Bağımlı insanlar sorunu inkar etme ve bastırma konusunda birbirine benzerler. Kendilerini ikna edercesine korkunç bir şey olmadığını iddia ediyorlar: "Yarın belki her şey kendi kendine yoluna girecek, aklını toplayacak, kendini toparlayacak ve uyuşturucu (alkol) kullanmayı bırakacak." Temel sorun hakkında düşünmemek için, bağımlılar sürekli kendilerine yapacak bir şeyler bulurlar, yalanlara inanırlar, kendilerini kandırırlar. Sadece duymak istediklerini duyarlar ve sadece görmek istediklerini görürler. İnkar ve baskı, bir yanılsama dünyasında yaşamalarına yardımcı olur, çünkü hayatın gerçeği onlar için katlanılmazdır. İnkar, kendini aldatmayı teşvik eder ve kendini aldatma yıkıcıdır, bir tür ruhsal bozulma, ahlaki ilkelerin kaybıdır. Eş bağımlılar, acı verici bağımlılık belirtilerine sahip olduklarını sürekli olarak reddederler. İnkar, insanlardan yardım istemeyi, uzmanlara başvurmayı zorlaştırır, sevilen bir kişide kimyasal bağımlılığı geciktirir ve ağırlaştırır, karşılıklı bağımlılığın ilerlemesini sağlar, kişisel ve ailevi sorunları ağırlaştırır.
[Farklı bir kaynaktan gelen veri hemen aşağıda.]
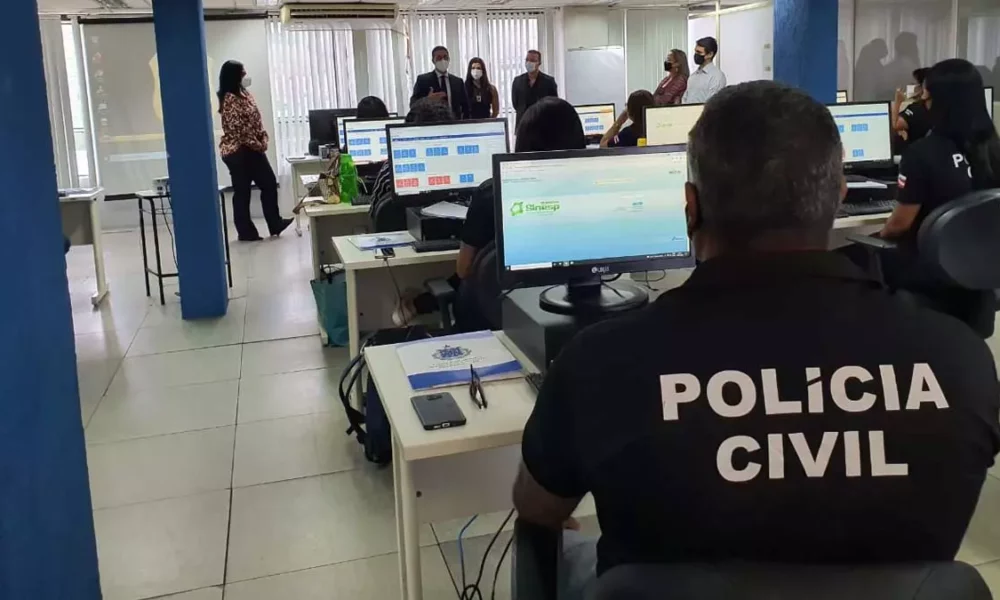 Oficial do Estado (DOE), edição desta quinta-feira (21), o edital de abertura de inscrições para mil vagas efetivas na Polícia Civil da Bahia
Bağımlı insanlar, uzun süreli stresin neden olduğu hastalıklarında benzerdir. Bunlar öncelikle psikosomatik hastalıklar, gastrit, mide ve duodenum ülserleri, baş ağrıları, kolit, hipertansiyon, nörosirküler distoni, astım, taşikardi, aritmi, hipertansiyon, hipotansiyon vb. Birinin hayatını kontrol etmeye çalışmaktan hastalanırlar, o zaman yapamayacakları bir şey vardır. kontrollü olun. İşkolik, düzenli ve temiz olurlar. Yaşamak için değil, hayatta kalmak için çok şey harcıyorlar, bu nedenle, bağımlılığın ilerlemesini gösteren çeşitli psikosomatik bozukluklar ortaya çıkıyor.

Doktora göre V. Moskalenko, "ihmal edilen karşılıklı bağımlılık psikosomatik hastalık, kişinin sağlığına dikkat etmeme, kendi ihtiyaçlarını bilmeme nedeniyle ölüme yol açabilir." Bu nedenle, karşılıklı bağımlılığın tezahürleri oldukça çeşitli olmasına rağmen, bu hastalıkları olan kişilerin çok ortak noktası vardır. Bu, insan yaşamının, insanın zihinsel aktivitesinin, davranışının, dünya görüşünün, yetiştirilme tarzının, inanç sistemlerinin ve yaşam değerlerinin yanı sıra fiziksel sağlığın tüm yönleri için geçerlidir.